> ABOUT THIS TASK:
Since the copy must hold text only, transcribe the data below exactly and omit the images.

> RECORDS TO USE:

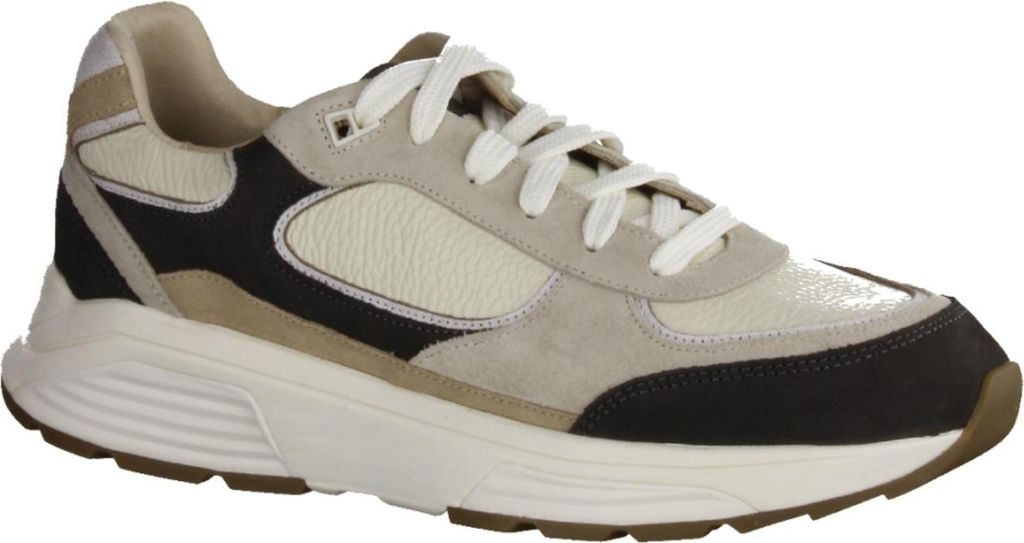 Xsensible Manhattan Herrenschnürer, Sneaker, Leder, Carbon Produktbild 
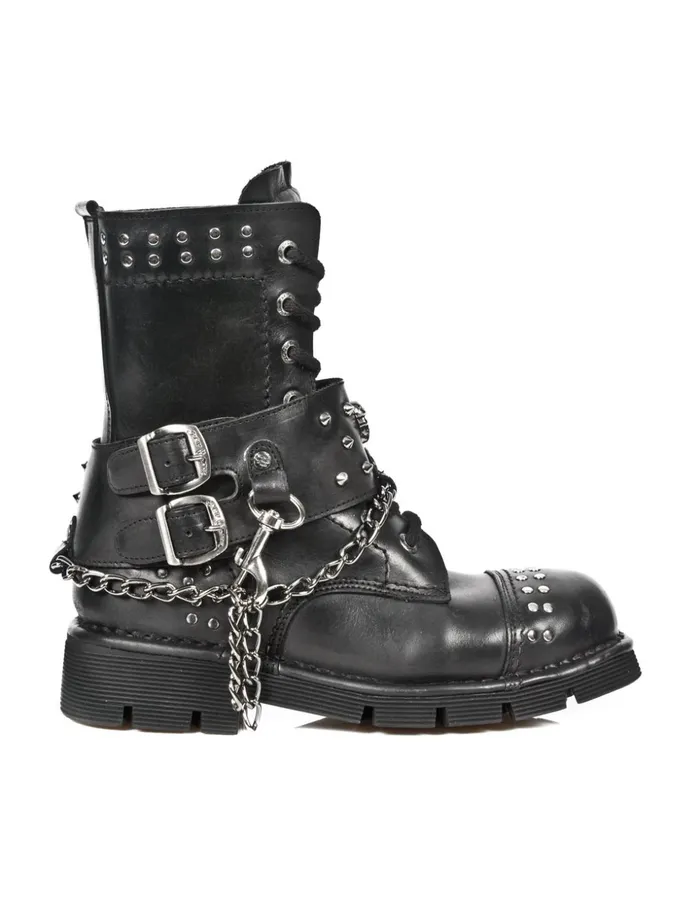 WomenMen Boot Metallic MNewmili081C1 New Rock Boots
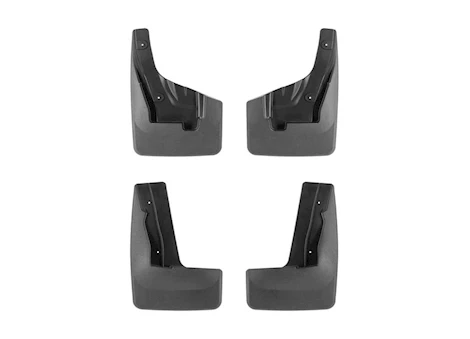 WeatherTech 24-C CROSSTREK FRONT & REAR NO DRILL MUDFLAPS BLACK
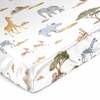 Jungle Collection Satin Fitted Crib Sheet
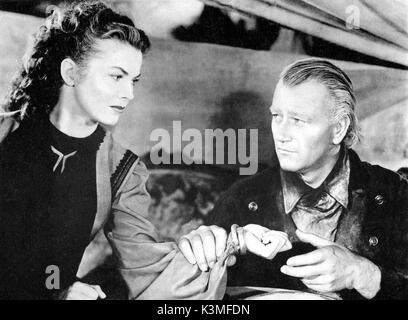 RED RIVER [US 1948] JOANNE DRU, John Wayne data: 1948 Foto Stock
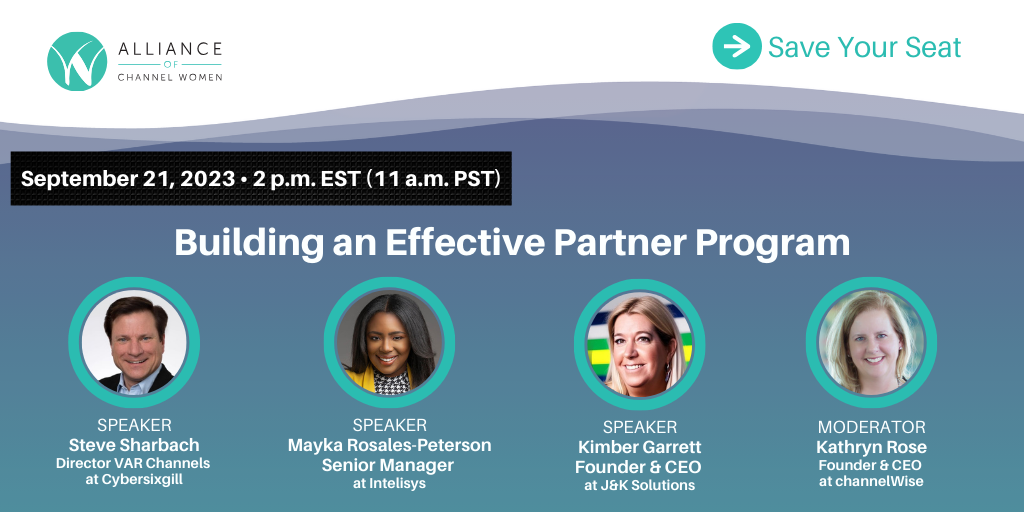 Building an Effective Partner Program - Alliance of Channel Women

> EXERCISE SOLUTION:
 Xsensible Manhattan Herrenschnürer, Sneaker, Leder, Carbon Produktbild 
 WomenMen Boot Metallic MNewmili081C1 New Rock Boots
 WeatherTech 24-C CROSSTREK FRONT & REAR NO DRILL MUDFLAPS BLACK
 Jungle Collection Satin Fitted Crib Sheet
 RED RIVER [US 1948] JOANNE DRU, John Wayne data: 1948 Foto Stock
 Building an Effective Partner Program - Alliance of Channel Women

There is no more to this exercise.